- Source data:
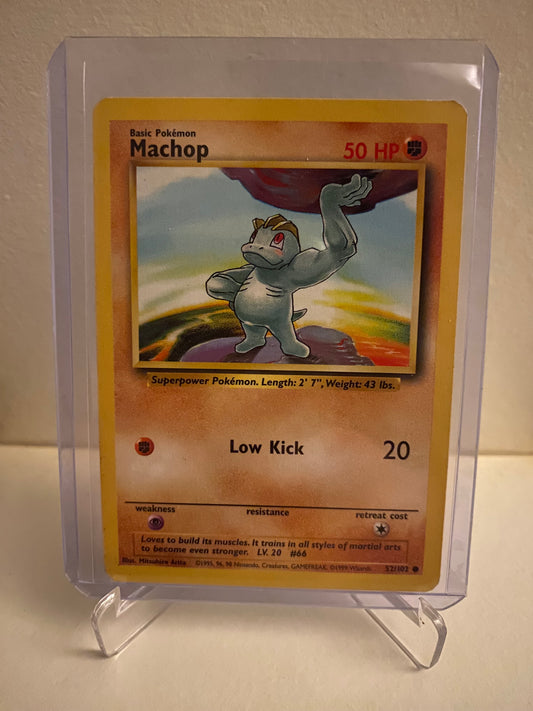 Pokemon Base Set Machop (52/102)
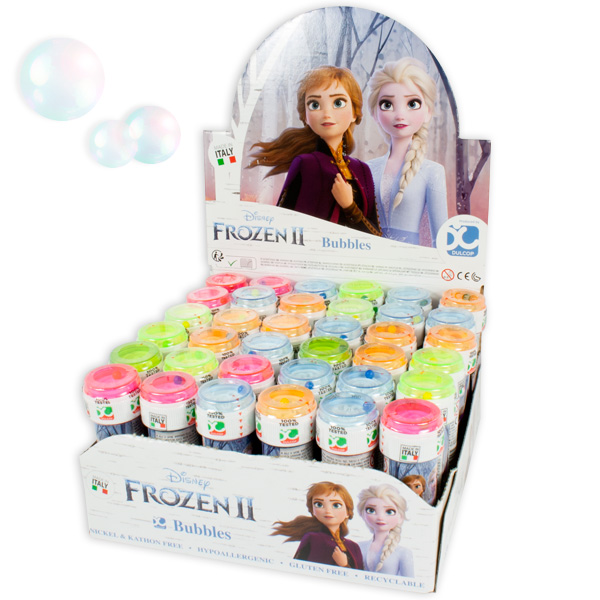 Großpack Frozen Seifenblasen, 36 Stk, mit Geduldspiel von Henbrandt Ltd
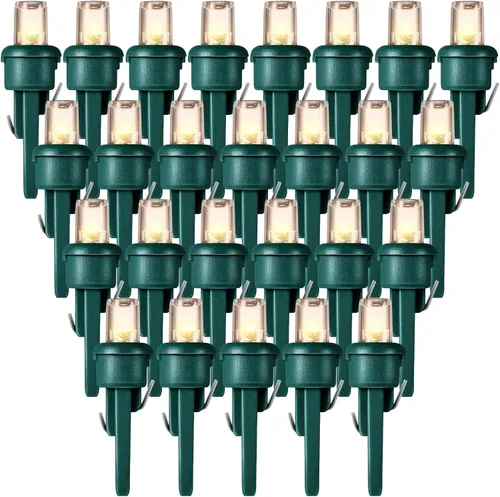 Vista 19 de Honoson 48 bombillas LED de invierno de 0.197 pulgadas de repuesto, gran angular, bombillas LED de invierno, cadena de repuesto, guirnalda de luces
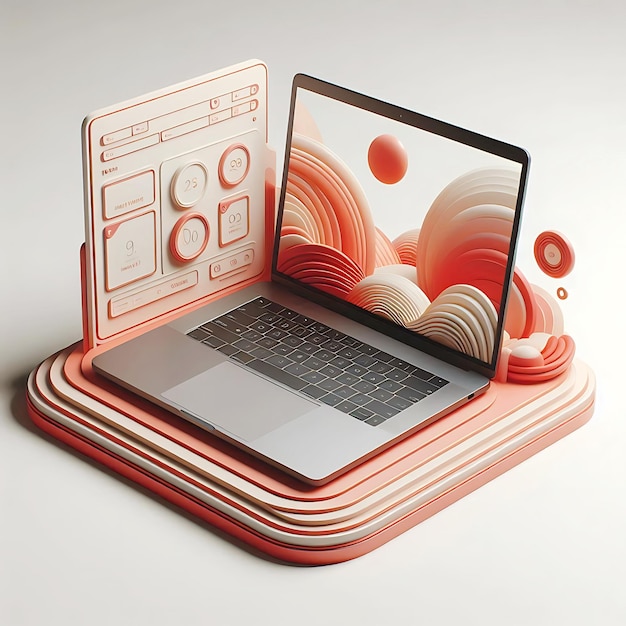 Photo a laptop mockup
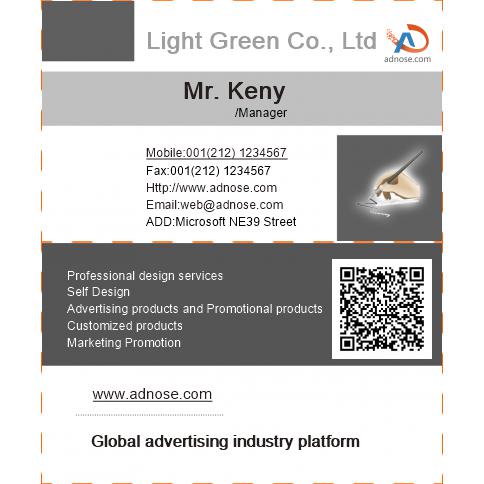 Writing business card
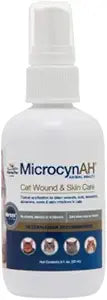 MicrocynAH - Nutri - Vet Manna Pro MicrocynAH Cat Skin Care Spray, 3 oz | Topical Spray for Coat and Skin Care Routine | Easy to Apply Pet Care Spray for Cats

- Work required: Wherever a picture appears in the records, omit it, and transcribe everything else exactly.

- Exercise solution:
 Pokemon Base Set Machop (52/102)
 Großpack Frozen Seifenblasen, 36 Stk, mit Geduldspiel von Henbrandt Ltd
 Vista 19 de Honoson 48 bombillas LED de invierno de 0.197 pulgadas de repuesto, gran angular, bombillas LED de invierno, cadena de repuesto, guirnalda de luces
 Photo a laptop mockup
 Writing business card
 MicrocynAH - Nutri - Vet Manna Pro MicrocynAH Cat Skin Care Spray, 3 oz | Topical Spray for Coat and Skin Care Routine | Easy to Apply Pet Care Spray for Cats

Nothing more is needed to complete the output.